How often have you been watering the plants? 

Do not put them in a closed chamber without ventilation.


----------



## leeaun (Oct 29, 2016)

I normally water the plant every 3 to 4 days but they are exposed to full light. The chamber I am referring to has ventilation holes but it increases the humidity in the chamber.


----------



## Justin (Oct 29, 2016)

Just water them well in their current environment before you leave and water them when you get back. They will be fine.


----------



## leeaun (Oct 29, 2016)

Hi thanks for the advice. How about the kovachii seedlings - have you tried them and left them on their own for a week before when you are on holidays?


----------



## SlipperFan (Oct 29, 2016)

After you water your plants well, do put them in a cooler (not cold) spot. They should all be fine.


----------



## Ozpaph (Oct 29, 2016)

SlipperFan said:


> After you water your plants well, do put them in a cooler (not cold) spot. They should all be fine.



and a bit darker


----------



## NYEric (Oct 30, 2016)

Good luck.


----------



## Happypaphy7 (Oct 30, 2016)

One week is alright. As others have said, water them all good before leaving and after returning.

I give mine good soak. If you are worried about little seedlings too much, then leave them at a friend's and ask them to mist or water once while you're gone.

I used to go away for a long time for vacation, but I can't go away for longer than 10 days now. what a life! lol


----------



## Ozpaph (Oct 30, 2016)

get a 'house-sitter' to drop by and mist them.


----------



## leeaun (Oct 30, 2016)

Hi All, 

thanks for the advice.
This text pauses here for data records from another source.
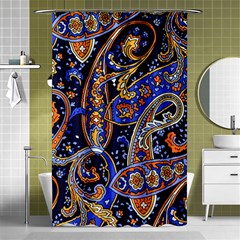 Vintage Retro Texture Decoration Pattern Color Circle Ornament Art Design Bright Symmetry Style  Shower Curtain 48  X 72  (small)  by Vaneshart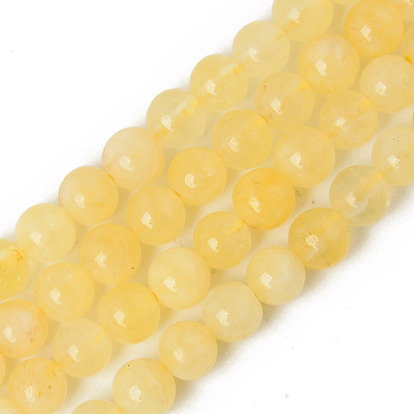 Perles naturelles de quartz brins, teints et chauffée, imitation citrine, ronde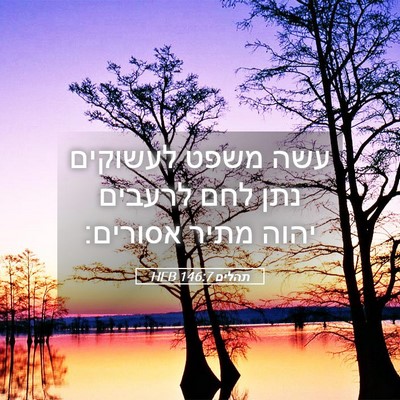 Picture 05 - תהלים 146:7 HEB - עשה משפט לעשוקים נתן לחם - Bible Verse Picture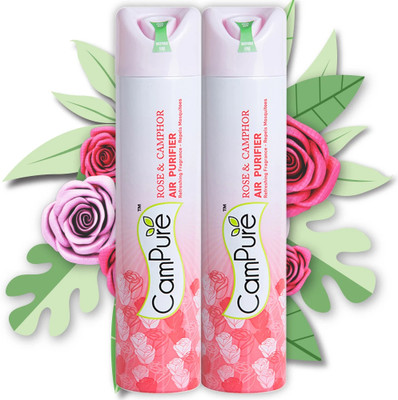 CamPure Air Purifier Rose - Pack of 2 Car Freshener Spray Air Purifier Rose & Camphor - Refreshing Fragrance - Repels Mosquitoes - Pack of 2(2 x 250 ml)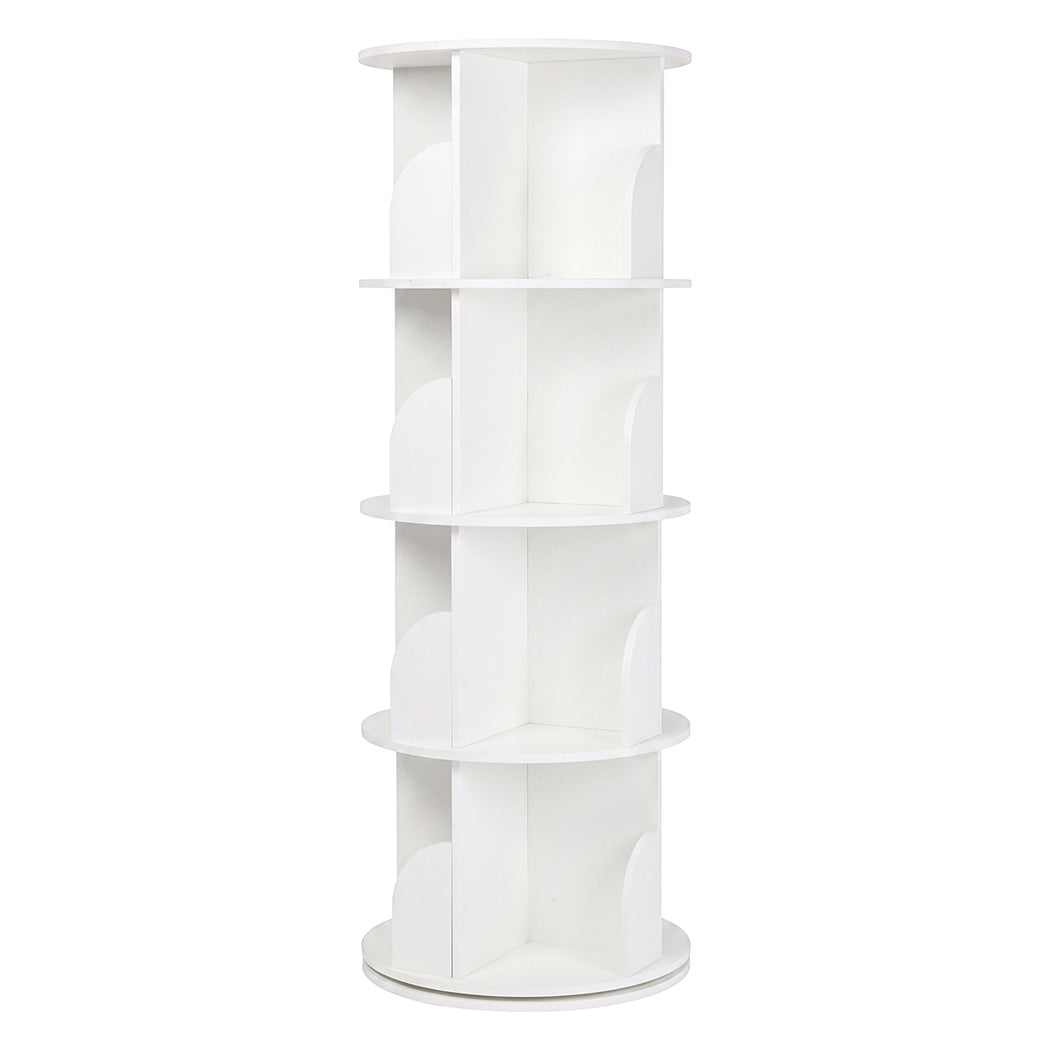 Rotating Bookshelf 4 Tier White 46x46x127cm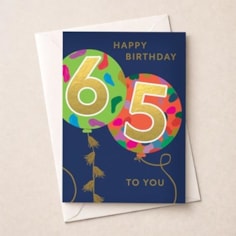 Large Age 65 Birthday Card - Balloons Large Age 65 Birthday Card - Balloons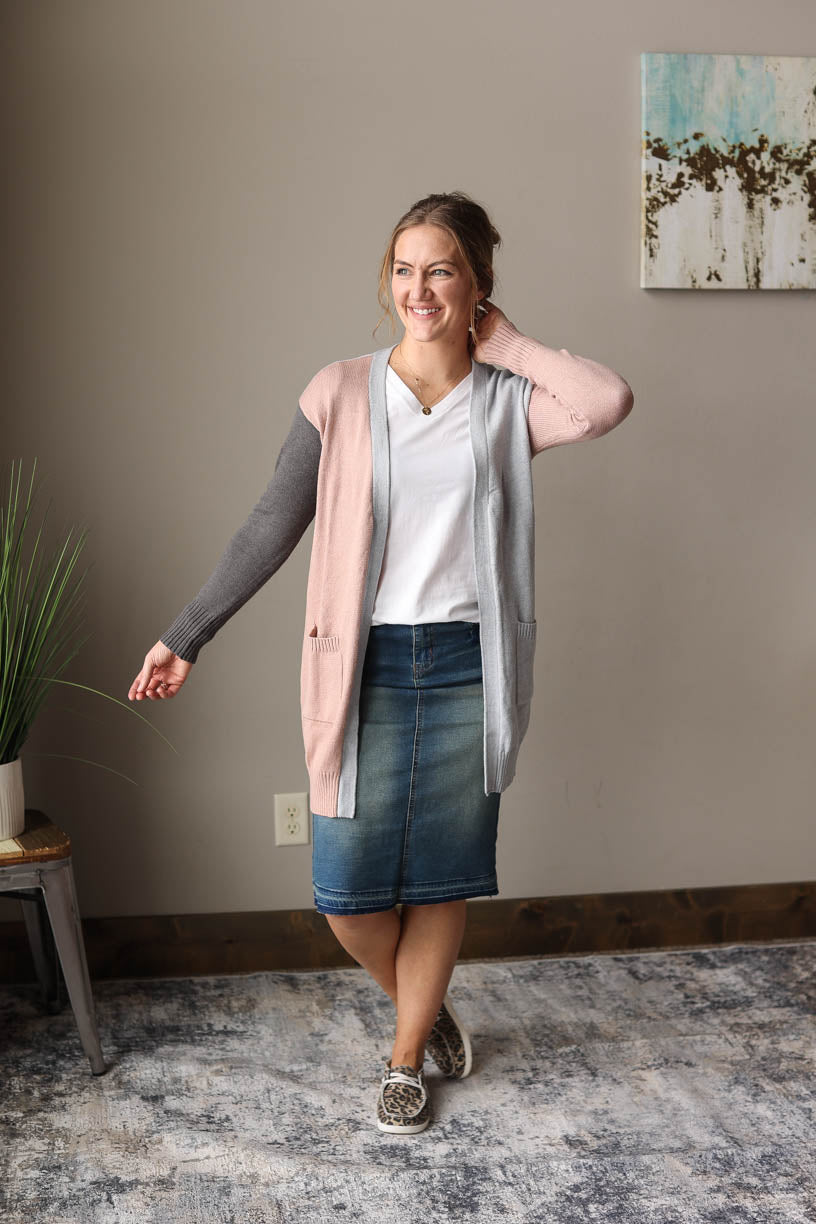 Madison Distressed Midi Denim Skirt for Women's Modest Denim Skirts at Classy Closet Boutique Near Me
I think during that time I am away I will be keeping the compots in a plant propagator box with no heating but with their vents open on the top of the cover after a thorough watering. 

With regards to kovachii deflasked seedlings, will this also work?


----------



## Happypaphy7 (Oct 30, 2016)

I would be concerned about the potential rot setting in. 
Even with ventilation holes, enclosing really reduce air movement.
I don't like people visit and mess with my plants, so I drop off in-bud plants and very small ones at a friend's when I go away for long. 

I think for you, one week won't hurt them much.
Just water them good ( soak for a few minutes) before leaving and especially after returning. 
Keep the plants away from strong light. 
If you use fan, I would turn it off to reduce over drying. 
Unless you have hundreds of plants close together, no fan doesn't hurt at all. 

Good luck and don't worry. Your seedlings will be fine.


----------



## leeaun (Oct 30, 2016)

Thanks for the advice! Will keep that in mind!


----------